Start of Input material

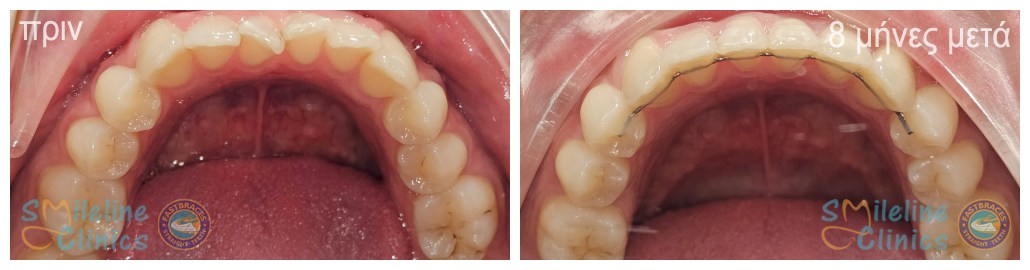 Περιστατικό 85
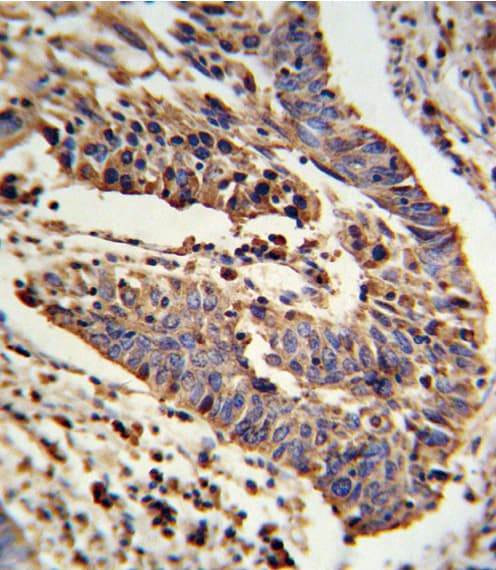 Polyclonal Rabbit anti-Human SCNN1A / ENaC Alpha Antibody (aa365-391, IHC, IF, WB)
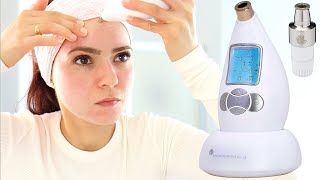 Microderm Glo Review amp How To Use  Microdermabrasion DIY Facial Treatment For Clear Skin [upl. by Phillis118]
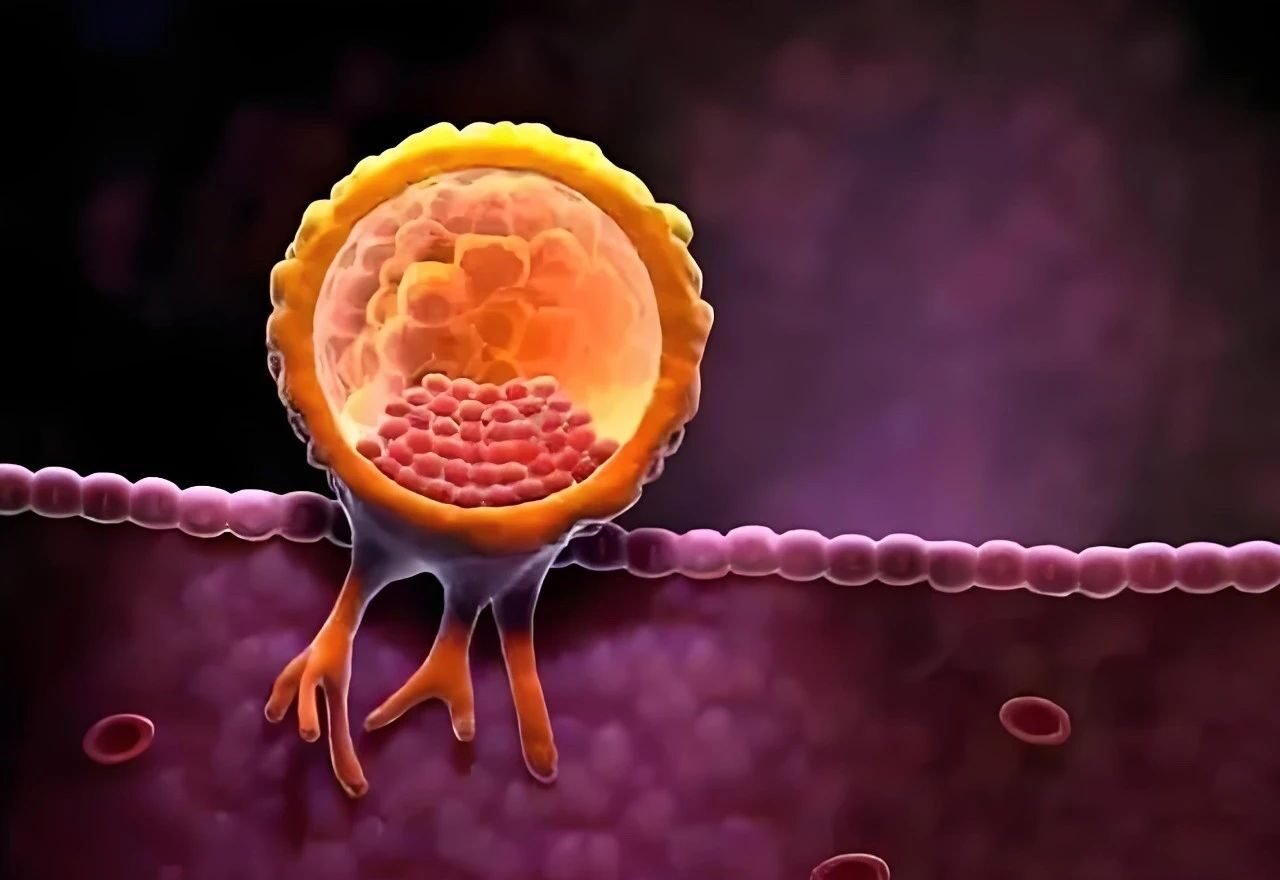IVF sac-feeding failure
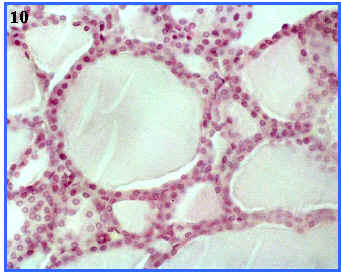 Glndula endocrina (folculos tiroideos)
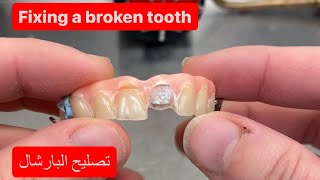 REPAIRING A CAST METAL PARTIAL DENTURE [upl. by Sherfield]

End of Input material

Return the lines above exactly; the images are not part of the copy.

• Expected output:
 Περιστατικό 85
 Polyclonal Rabbit anti-Human SCNN1A / ENaC Alpha Antibody (aa365-391, IHC, IF, WB)
 Microderm Glo Review amp How To Use  Microdermabrasion DIY Facial Treatment For Clear Skin [upl. by Phillis118]
IVF sac-feeding failure
 Glndula endocrina (folculos tiroideos)
 REPAIRING A CAST METAL PARTIAL DENTURE [upl. by Sherfield]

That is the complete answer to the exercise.